NOTE: This article is presented as a comment on a published research paper and in no way endorses people changing their treatment regimens without consulting their doctor. All prescription drug regimens should be developed in consultation with a doctor. This paper challenges the use of antidepressants but does not deny any other possible benefit that can be derived from them.
It was in the 1960s that the chemical imbalance theory was posited. By the 1980s, based on this theory, selective serotonin re-uptake inhibitors (SSRIs) were marketed globally. The idea that depression was a result of a serotonin imbalance became embedded as fact rather than theory in the psyche of the public due to direct marketing to the medical profession and public by pharmaceutical companies. Since the 1990s, the pharmaceutical industry has capitalised on this with patient information leaflets and direct-to-consumer advertising perpetuating the theory, for which there has been no apparent proof. Ang et al. cite the example of a Pfizer’s Zoloft direct to consumer advertising campaign which stated that “while the cause is not known, depression may be related to an imbalance of natural chemicals between nerve cells in the brain” and that “prescription Zoloft works to correct this imbalance” – a subtle conversion of a theoretical possibility into a fact that can be treated with a tablet.
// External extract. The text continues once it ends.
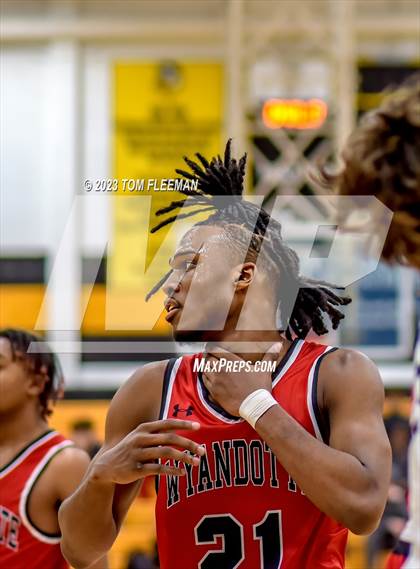 Thumbnail 1 in Olathe West vs Wyandotte (West Varsity Boy's Tournament) photogallery.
The continued assertion of the serotonin theory in popular literature and the media ‘confirmed’ the theory, leading more people to believe that depression is a result of a chemical imbalance. As a result, SSRI use escalated dramatically. Ang quotes that by 2017, 17% of Britons had been prescribed an SSRI. The trend is similar across Europe, the USA and China, with people increasingly taking them as chronic medications. SSRIs have become a multi-million dollar product line.
Not everyone was equally convinced, however. Some clinical scientists questioned the serotonin theory in the 1980s and 1990s, but their voices did not have the same reach as the marketing strategies that sold SSRIs. Since 2000 there has been increasing scepticism of the serotonin theory, with some leading psychiatrists referring to the chemical imbalance theory for depression as an ‘urban legend’. Even though there was criticism, it is worrying that a theory has become so well established as to be defended by academia.
So when did Ang et al. start to debunk the theory? In a simple yet well-designed desktop study, they looked at primary research articles and reputable textbooks from 1990 to 2010, which was when the serotonin theory was at its zenith.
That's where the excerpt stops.